• About this exercise
Restate word for word the lines below from the one that has "Галлюциногенные грибы Psilocybine" through the one that has "Marlin Golden 39A 22 Rifle", keeping both and dropping all pictures.

• Data supplied
============================================================

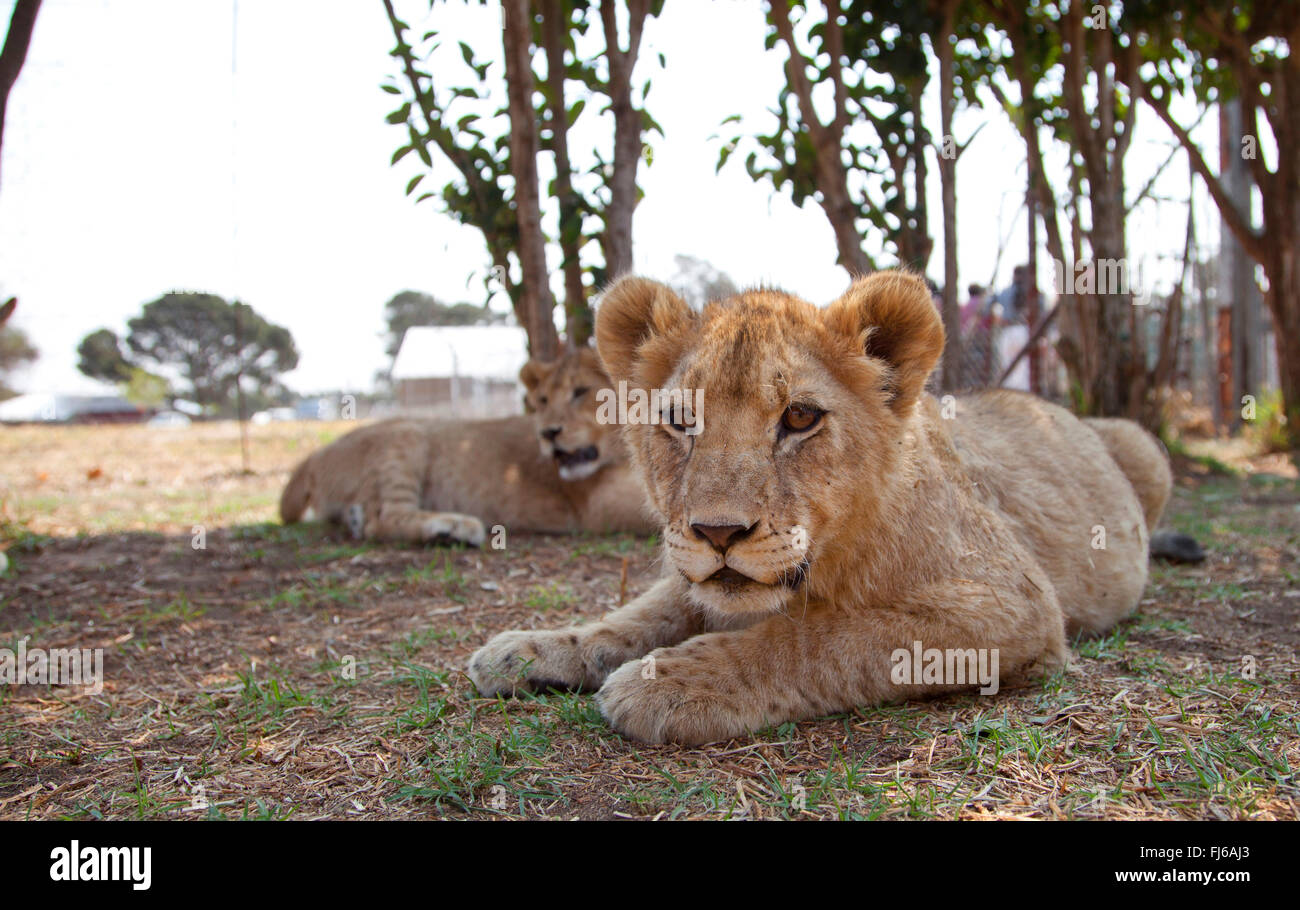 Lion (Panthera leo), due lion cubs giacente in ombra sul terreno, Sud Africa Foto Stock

============================================================

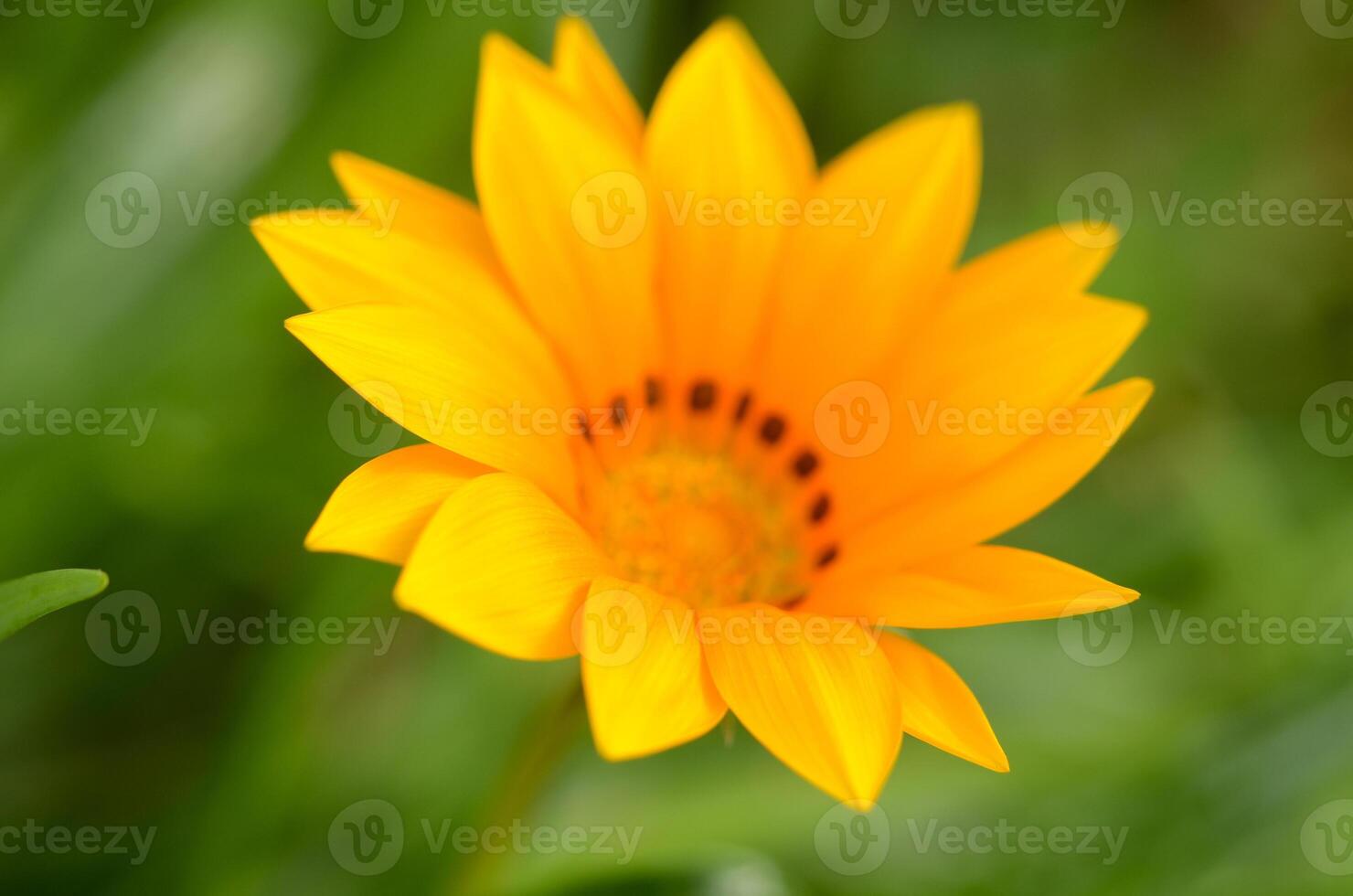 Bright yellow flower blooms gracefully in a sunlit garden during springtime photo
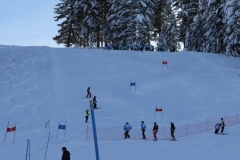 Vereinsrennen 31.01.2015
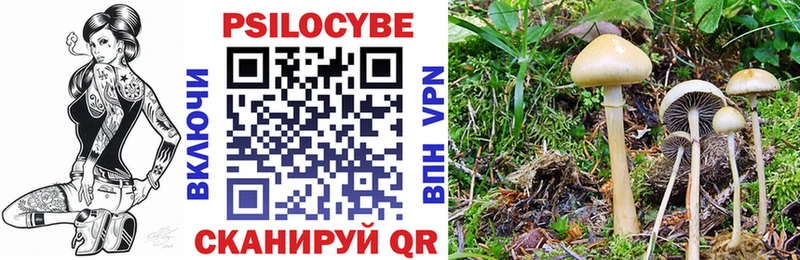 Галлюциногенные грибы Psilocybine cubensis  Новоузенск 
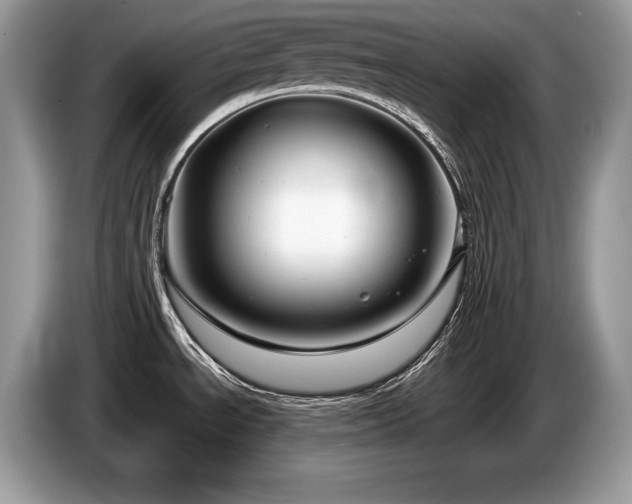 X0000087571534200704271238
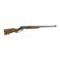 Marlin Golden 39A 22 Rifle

============================================================

• Output
 Галлюциногенные грибы Psilocybine cubensis  Новоузенск 
 X0000087571534200704271238
 Marlin Golden 39A 22 Rifle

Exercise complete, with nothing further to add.